It is no secret a good mushroom soup needs a generous swirl of cream, leaving you scraping the bowl and licking your lips. But what if the reason for choosing soup is to watch the calories. What then?
One ingredient that gives the soup a creamy consistency and doesn’t leave a guilty after taste is a handful of rice, added to the pot and left to simmer for ten minutes to soften and release its starch.
- 1kg Mushrooms
- 1 Onion
- 1-2 Garlic Cloves
- Handful Dried Porcini Mushrooms
- Handful Walnuts
- Handful Rice
- Pint Vegetable Stock
- 1tbsp Olive Oil
- Skimmed Milk
Put dried mushrooms in a bowl and fill with cold water to hydrate. Peel and slice the onion, garlic, mushrooms, and chop the walnuts.

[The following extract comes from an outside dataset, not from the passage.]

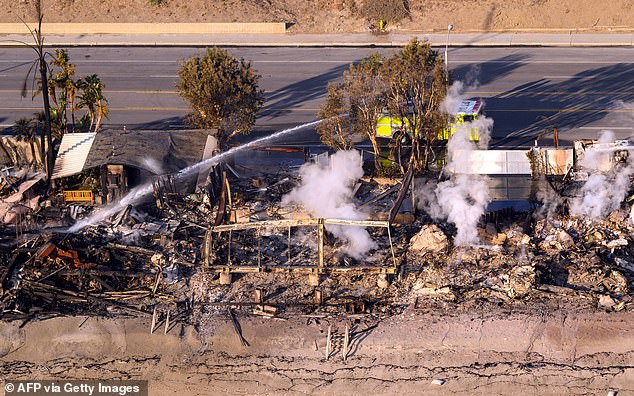 Gibson said he was at peace with losing his belongings, but felt terrible for his neighbors, who had their homes burned down at the same time.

Heat the olive oil in a large saucepan and add the onion, fry on a medium heat until softened and opaque, but not brown. Add the mushrooms and garlic, stir until mushrooms begin to release their water. Add the walnuts, dried mushrooms with their liquid, and the stock. Bring to the boil, and sprinkle in the handful of rice, simmer for ten minutes until the rice and walnuts have softened.
Blend the soup and add a dash of milk. Season to taste and serve with bread.
Warm and tasty, with no guilt attached.